Thiele Backs Guv’s Plan to Spend Half Billion on Government Consolidation

New York State Capitol Building.
New York State Capitol Building. Photo credit: jerryhopman/iStock/Thinkstock

New York State Assemblyman Fred Thiele, of Sag Harbor, is backing Governor Andrew Cuomo’s plan to spend $500 million of a state budget surplus on incentivizing consolidation for local municipalities—a move that could affect the East End.

Thiele says the proposed consolidation of Southampton and Tuckahoe school districts—which failed at the polls once—is a prime example of how this money could be used to promote consolidation. Consolidation is aimed at lowering property taxes by eliminating redundancies.

New York found itself with a $4.2 billion budget surplus thanks to a $4.5 billion settlement relating to mortgage practices with BNP Paribas and other banks and insurance companies, according to Thiele’s office.

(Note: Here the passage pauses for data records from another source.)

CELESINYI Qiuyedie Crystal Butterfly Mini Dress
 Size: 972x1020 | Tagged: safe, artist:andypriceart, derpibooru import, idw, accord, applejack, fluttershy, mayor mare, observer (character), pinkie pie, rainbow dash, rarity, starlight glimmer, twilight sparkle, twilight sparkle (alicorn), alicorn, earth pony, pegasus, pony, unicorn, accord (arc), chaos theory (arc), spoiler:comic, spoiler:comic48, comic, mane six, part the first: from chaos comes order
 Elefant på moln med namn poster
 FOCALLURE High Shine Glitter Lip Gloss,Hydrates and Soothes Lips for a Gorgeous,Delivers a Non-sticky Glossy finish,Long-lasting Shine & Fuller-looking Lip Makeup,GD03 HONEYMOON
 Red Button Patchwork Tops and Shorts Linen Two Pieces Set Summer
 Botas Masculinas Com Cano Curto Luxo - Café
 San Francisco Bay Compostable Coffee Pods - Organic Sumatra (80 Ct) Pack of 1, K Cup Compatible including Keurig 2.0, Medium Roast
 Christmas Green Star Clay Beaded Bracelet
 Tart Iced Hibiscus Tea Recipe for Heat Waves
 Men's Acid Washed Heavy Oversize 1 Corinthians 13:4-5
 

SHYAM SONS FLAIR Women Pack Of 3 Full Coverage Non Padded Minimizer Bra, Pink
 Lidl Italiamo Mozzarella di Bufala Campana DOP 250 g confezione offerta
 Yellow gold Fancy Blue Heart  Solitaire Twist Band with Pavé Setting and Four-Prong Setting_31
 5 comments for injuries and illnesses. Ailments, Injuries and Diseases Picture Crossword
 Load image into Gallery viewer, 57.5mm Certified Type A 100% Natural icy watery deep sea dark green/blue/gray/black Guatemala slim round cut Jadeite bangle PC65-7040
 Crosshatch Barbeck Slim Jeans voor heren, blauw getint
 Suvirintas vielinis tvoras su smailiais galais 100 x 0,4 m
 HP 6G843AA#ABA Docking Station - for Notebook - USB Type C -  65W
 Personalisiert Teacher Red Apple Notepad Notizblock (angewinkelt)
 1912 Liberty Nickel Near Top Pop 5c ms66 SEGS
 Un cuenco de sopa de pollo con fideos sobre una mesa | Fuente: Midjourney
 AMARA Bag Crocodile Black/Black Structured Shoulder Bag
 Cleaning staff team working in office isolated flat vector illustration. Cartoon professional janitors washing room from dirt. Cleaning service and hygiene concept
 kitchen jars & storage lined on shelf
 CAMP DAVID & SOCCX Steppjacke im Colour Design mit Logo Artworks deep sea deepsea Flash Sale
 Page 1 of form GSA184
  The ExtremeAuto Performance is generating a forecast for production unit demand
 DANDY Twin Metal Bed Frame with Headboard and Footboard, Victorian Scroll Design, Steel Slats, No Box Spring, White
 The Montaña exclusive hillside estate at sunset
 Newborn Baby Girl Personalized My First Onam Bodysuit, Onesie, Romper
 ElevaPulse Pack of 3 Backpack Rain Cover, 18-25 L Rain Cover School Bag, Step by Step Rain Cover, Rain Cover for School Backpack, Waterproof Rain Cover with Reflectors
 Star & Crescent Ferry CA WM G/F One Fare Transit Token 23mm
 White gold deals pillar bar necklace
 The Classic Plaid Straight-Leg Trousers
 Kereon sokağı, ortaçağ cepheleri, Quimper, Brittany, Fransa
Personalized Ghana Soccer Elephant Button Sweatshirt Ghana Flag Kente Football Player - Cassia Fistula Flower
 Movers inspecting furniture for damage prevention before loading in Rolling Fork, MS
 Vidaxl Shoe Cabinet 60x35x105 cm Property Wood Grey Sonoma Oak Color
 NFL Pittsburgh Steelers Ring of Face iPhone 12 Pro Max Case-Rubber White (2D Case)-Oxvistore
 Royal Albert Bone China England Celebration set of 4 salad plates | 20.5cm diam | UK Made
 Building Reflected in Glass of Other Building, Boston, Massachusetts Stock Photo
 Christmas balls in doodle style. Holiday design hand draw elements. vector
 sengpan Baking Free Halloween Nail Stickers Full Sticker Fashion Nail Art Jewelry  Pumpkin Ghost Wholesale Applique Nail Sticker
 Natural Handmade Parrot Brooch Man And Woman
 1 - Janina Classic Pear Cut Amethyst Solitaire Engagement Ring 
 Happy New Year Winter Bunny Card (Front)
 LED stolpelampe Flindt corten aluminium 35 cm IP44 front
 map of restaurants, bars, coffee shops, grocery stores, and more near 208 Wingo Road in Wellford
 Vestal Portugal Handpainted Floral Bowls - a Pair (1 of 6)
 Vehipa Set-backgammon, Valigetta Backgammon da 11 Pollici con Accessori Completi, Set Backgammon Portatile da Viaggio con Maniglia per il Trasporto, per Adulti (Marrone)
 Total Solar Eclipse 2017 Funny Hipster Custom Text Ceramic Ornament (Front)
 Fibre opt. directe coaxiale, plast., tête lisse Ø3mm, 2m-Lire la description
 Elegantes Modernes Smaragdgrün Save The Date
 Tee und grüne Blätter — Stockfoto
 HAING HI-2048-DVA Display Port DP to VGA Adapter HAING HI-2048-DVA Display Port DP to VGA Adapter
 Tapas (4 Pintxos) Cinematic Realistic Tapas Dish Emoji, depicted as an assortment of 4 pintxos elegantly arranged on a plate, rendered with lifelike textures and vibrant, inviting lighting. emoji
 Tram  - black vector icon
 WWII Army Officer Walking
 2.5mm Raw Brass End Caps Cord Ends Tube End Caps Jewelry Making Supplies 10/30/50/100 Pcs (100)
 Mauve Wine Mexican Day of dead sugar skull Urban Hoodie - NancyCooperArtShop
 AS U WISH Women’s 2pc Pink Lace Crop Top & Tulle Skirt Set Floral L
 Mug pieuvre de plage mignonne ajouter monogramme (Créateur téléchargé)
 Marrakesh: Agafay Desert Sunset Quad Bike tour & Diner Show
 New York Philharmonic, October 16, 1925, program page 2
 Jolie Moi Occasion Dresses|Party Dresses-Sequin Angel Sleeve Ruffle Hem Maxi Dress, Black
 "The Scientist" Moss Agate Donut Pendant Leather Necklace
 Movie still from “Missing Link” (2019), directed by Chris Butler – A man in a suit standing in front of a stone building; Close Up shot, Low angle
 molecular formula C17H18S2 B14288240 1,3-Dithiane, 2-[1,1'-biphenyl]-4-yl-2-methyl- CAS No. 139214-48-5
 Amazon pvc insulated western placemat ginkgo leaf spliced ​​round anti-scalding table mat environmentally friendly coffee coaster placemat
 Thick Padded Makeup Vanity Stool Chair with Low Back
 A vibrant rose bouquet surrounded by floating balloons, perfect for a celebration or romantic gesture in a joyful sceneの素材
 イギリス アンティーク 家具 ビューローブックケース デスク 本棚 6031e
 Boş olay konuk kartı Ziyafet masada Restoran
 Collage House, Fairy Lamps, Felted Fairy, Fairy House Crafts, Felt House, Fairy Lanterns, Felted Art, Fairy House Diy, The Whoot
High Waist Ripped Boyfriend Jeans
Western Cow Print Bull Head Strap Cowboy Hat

“The governor has rightly stated that there is too much government in New York State and has called for consolidations and shared services at the local level,” Thiele said in a statement. “In fact, his 2-year property tax freeze enacted by the State Legislature this year requires local governments and school districts to prepare government efficiency plans in 2015. However, if the state truly wants to see such consolidations, it must put its money where its mouth is. Investing these dollars today to promote consolidation can yield a return of lower property taxes for decades to come by shrinking the numbers of local governments permanently.”

For instance, Thiele explained, a Southampton/Tuckahoe merger could generate $4 million in savings. “However, because of the differences in tax base in the two districts, one district reduces its taxes and one district sees a tax increase,” he continued. “This session, Senator [Kenneth] LaValle and I passed two pieces of legislation to mitigate and eliminate these tax impacts. The enactment of this $500 million program to incentivize consolidations could guarantee that all residents see an actual tax decrease from the savings generated by a merger. The key to any merger success is providing equal or better services at a lower cost to the taxpayer.”